Retype each line of the material below word for word; pictures stay out.

(Beginning of Source data)

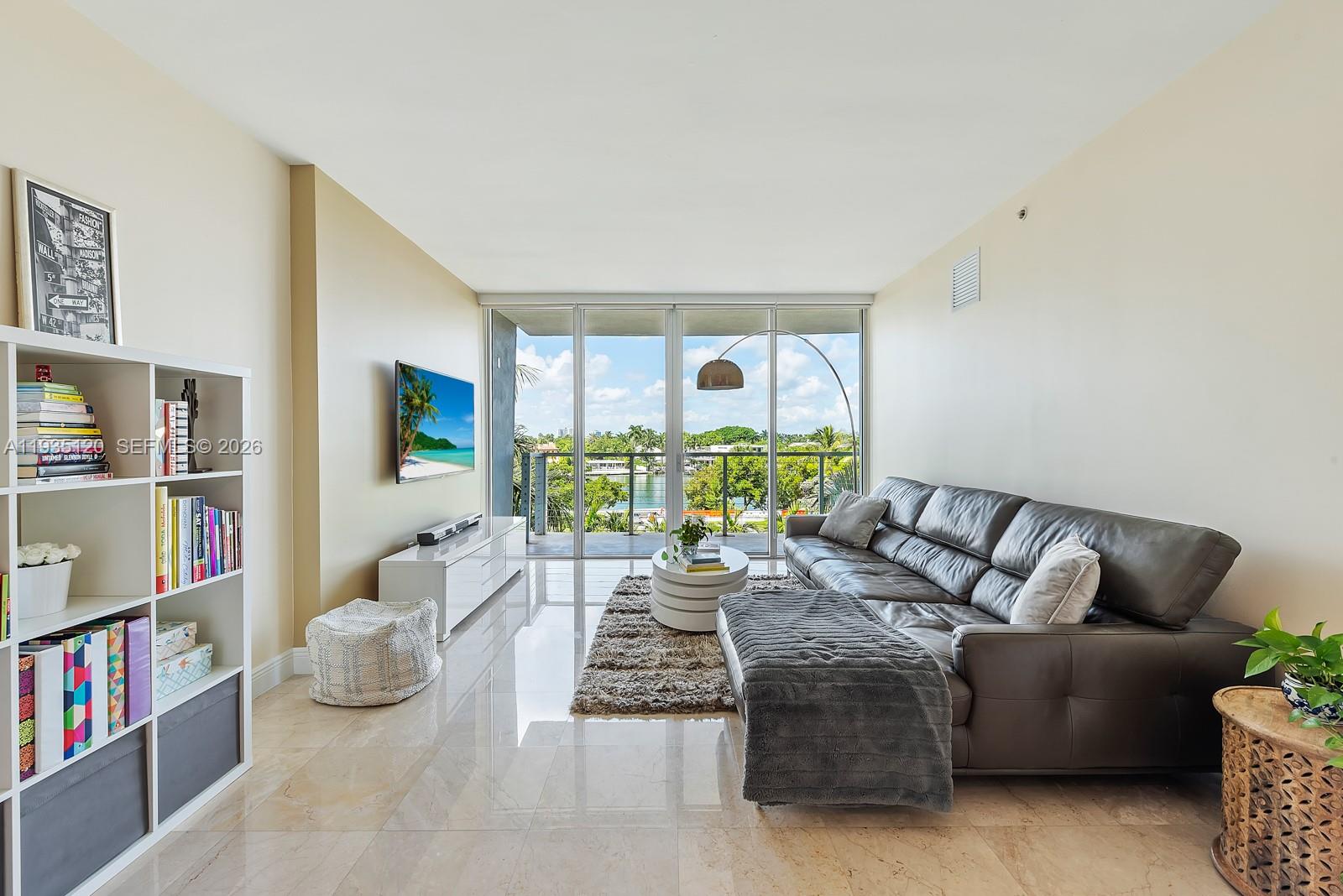 63 NOBE CONDO - Residential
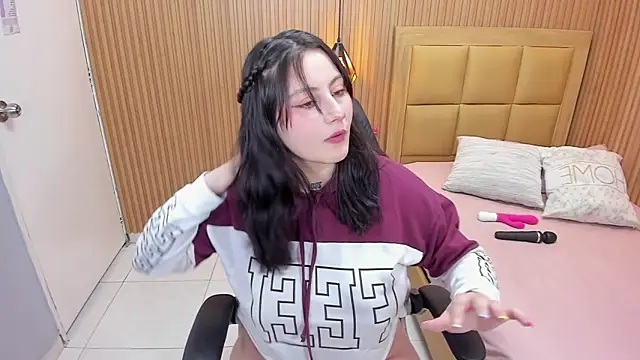 Snapshot of LOLAMAXI chatting on 24, 4, 2026 LOLAMAXI online show from 24, 4, 2026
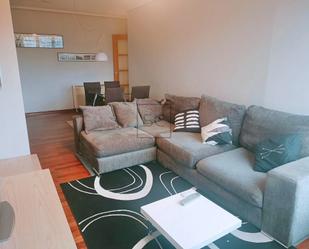 Sala d'estar de Dúplex de lloguer en Narón amb Calefacció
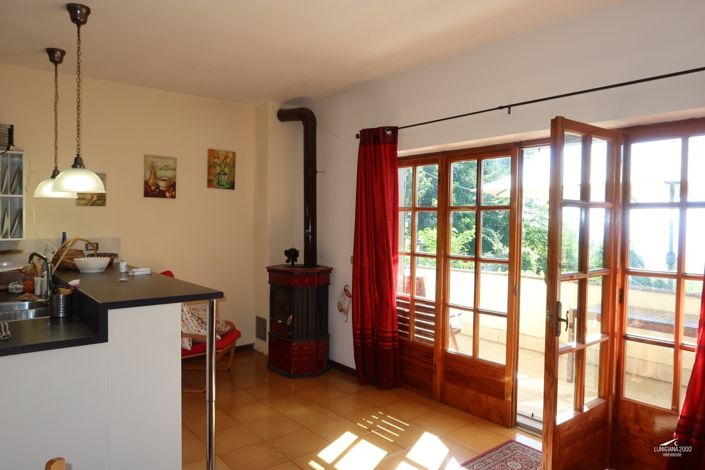 Image No.10-4 Bed Property for sale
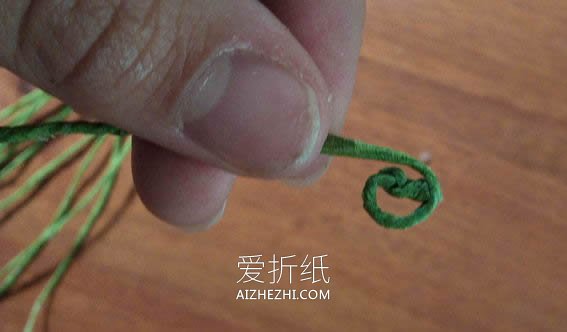 怎么做皱纹纸玫瑰手捧花 皱纹纸手工制作捧花- www.aizhezhi.com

(End of Source data)

## Answer space
 63 NOBE CONDO - Residential
 Snapshot of LOLAMAXI chatting on 24, 4, 2026 LOLAMAXI online show from 24, 4, 2026
 Sala d'estar de Dúplex de lloguer en Narón amb Calefacció
 Image No.10-4 Bed Property for sale
 怎么做皱纹纸玫瑰手捧花 皱纹纸手工制作捧花- www.aizhezhi.com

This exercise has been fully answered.